"Later that day I got to thinking about relationships. There are those that open you up to something new and exotic, those that are old and familiar, those that bring up lots of questions, those that bring you somewhere unexpected, those that bring you far from where you started, and those that bring you back. But the most exciting, challenging and significant relationship of all is the one you have with yourself. And if you can find someone to love the you you love, well, that's just fabulous." Carrie Bradshaw

Sunday, August 17, 2008

Coming back for more . . .

So I knew he would call/text/email . . . I'm just that irresistable (ha ha . . . just kidding!).

But the day after the big date, I recieved an email telling me how great I am and how much fun it was and how we should do it again soon . . .

And I'll pause to admit that I did the classic female, "sure, let's hang out again" ending to the date. I don't know what it is but I have a really hard time telling a guy that I'm absolutely not interested in person. Maybe I need to practice. Suggestions? It's so much easier to leave on good terms and then email later. I have the one date email rule. If you've only been on one date, you can definitely end things over email. Completely acceptable!

Anyway . . . then he sent me a text picture of himself (which seriously made me want to puke thinking about how the rest of him looked on that date . . . I had to erase it from my phone immediately for fear of it contaminating the rest of my phone) so I decided I had to be honest and let the guy down.
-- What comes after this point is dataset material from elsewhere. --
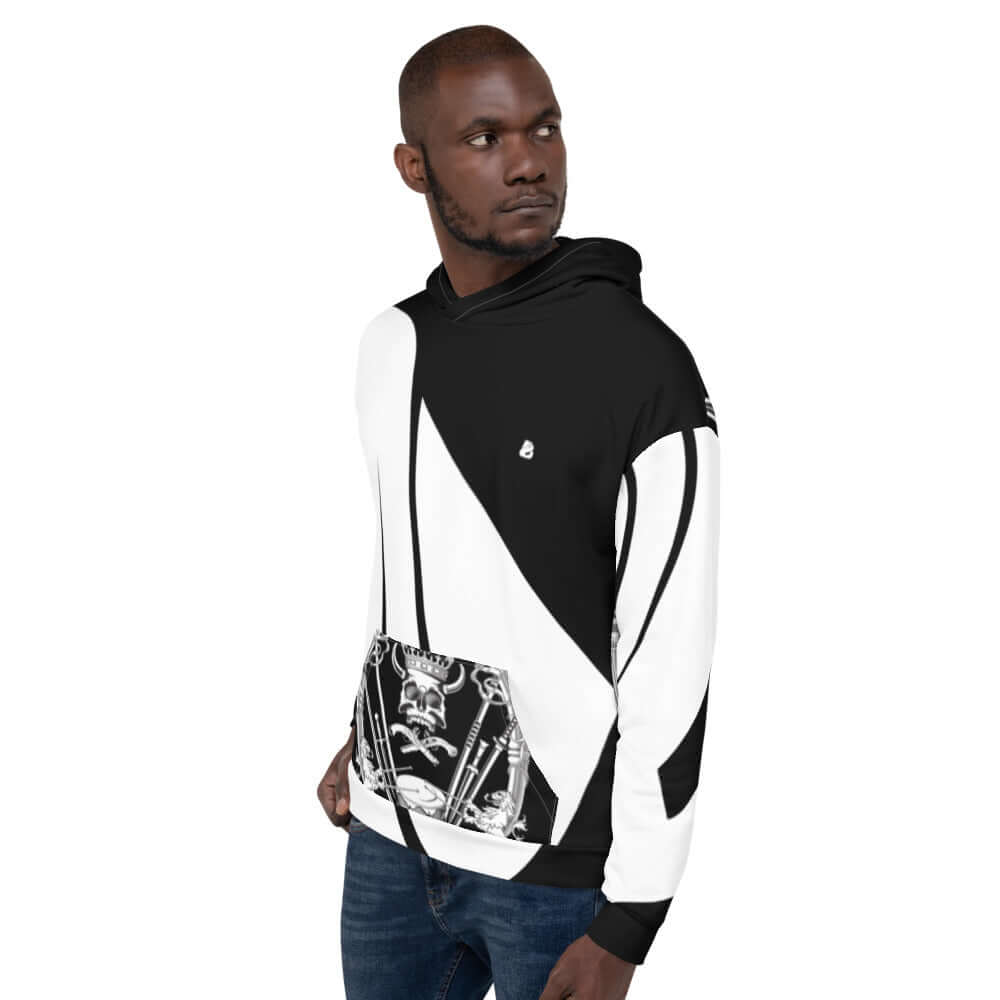 Unisex-Kapuzenpullover N°34 with black and white abstract design, featuring soft fabric and loose fit, ideal for cozy evenings.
His response to my let down was "yeah, I didn't feel any chemistry either, just thought I'd give a second date a shot." REALLY? To me, this kind of screams "trying to save face." Maybe I'm wrong . . . does anyone really think that he would have emailed, texted, etc. if he didn't think he had a shot? Maybe I really don't understand guys!

I thought things were done; I'd washed my hands of guy number 1 . . . on to the next one in line but no . . . I just got a text from him wanting to hang out . . . "as friends or something :)."

Did he not get the memo . . . "Good luck on your future dating endeavors" as a closing line really means, I have no interest in hanging out/dating/being your friend, etc. If I'd wanted any of those, I would have said so. Guys . . . lesson to you all . . . this girl says what she means in an email (in person I might not, but you WILL get the truth in writing!).